SOURCE INFORMATION -
____________________
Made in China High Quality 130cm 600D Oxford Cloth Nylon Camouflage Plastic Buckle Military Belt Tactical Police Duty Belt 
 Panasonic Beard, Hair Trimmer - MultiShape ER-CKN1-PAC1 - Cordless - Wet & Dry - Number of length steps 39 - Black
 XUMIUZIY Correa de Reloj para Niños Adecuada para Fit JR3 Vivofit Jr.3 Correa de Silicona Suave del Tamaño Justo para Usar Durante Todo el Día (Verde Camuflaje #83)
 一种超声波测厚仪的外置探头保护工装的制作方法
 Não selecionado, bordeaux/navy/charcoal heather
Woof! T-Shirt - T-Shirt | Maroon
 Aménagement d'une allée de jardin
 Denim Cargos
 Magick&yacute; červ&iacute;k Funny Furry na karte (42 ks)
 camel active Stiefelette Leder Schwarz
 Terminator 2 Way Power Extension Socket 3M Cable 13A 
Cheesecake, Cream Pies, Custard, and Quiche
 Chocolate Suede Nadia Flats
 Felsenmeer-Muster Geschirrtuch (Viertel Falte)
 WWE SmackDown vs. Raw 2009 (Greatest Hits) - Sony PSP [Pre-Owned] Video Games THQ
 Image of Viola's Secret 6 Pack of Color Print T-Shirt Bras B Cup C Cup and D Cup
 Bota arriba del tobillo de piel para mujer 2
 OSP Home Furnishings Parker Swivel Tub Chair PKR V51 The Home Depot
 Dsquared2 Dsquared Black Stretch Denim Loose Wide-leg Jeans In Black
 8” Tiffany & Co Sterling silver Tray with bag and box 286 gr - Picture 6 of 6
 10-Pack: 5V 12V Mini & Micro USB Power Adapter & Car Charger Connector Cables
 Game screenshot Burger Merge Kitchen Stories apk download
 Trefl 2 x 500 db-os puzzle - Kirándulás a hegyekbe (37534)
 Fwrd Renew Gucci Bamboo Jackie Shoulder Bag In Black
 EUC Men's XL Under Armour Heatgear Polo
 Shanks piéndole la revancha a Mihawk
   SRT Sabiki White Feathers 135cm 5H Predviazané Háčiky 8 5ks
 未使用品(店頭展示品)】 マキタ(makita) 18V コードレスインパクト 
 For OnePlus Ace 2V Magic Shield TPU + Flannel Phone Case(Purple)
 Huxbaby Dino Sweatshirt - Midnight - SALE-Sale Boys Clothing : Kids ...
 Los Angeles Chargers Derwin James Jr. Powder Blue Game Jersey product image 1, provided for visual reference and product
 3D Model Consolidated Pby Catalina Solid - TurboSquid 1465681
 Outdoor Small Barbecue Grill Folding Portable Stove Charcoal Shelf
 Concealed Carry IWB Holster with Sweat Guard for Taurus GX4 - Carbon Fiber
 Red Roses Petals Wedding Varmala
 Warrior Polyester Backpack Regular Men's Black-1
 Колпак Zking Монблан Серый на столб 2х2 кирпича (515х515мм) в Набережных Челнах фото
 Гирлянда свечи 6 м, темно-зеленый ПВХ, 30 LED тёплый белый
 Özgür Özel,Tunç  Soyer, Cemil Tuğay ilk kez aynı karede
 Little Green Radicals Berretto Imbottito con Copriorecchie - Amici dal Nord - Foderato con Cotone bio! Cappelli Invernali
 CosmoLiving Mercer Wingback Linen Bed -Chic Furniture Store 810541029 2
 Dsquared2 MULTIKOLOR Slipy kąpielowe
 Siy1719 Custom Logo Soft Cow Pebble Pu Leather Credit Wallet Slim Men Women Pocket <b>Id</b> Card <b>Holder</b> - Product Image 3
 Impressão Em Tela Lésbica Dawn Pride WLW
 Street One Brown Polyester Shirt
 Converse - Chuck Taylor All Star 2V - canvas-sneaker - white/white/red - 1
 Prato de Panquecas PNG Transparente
____________________
DESCRIPTION OF THE TASK - Reproduce, exactly and in full, the lines from the one that contains "Converse - Chuck" to the end of the material.

OUTPUT FOR THIS TASK -
 Converse - Chuck Taylor All Star 2V - canvas-sneaker - white/white/red - 1
 Prato de Panquecas PNG Transparente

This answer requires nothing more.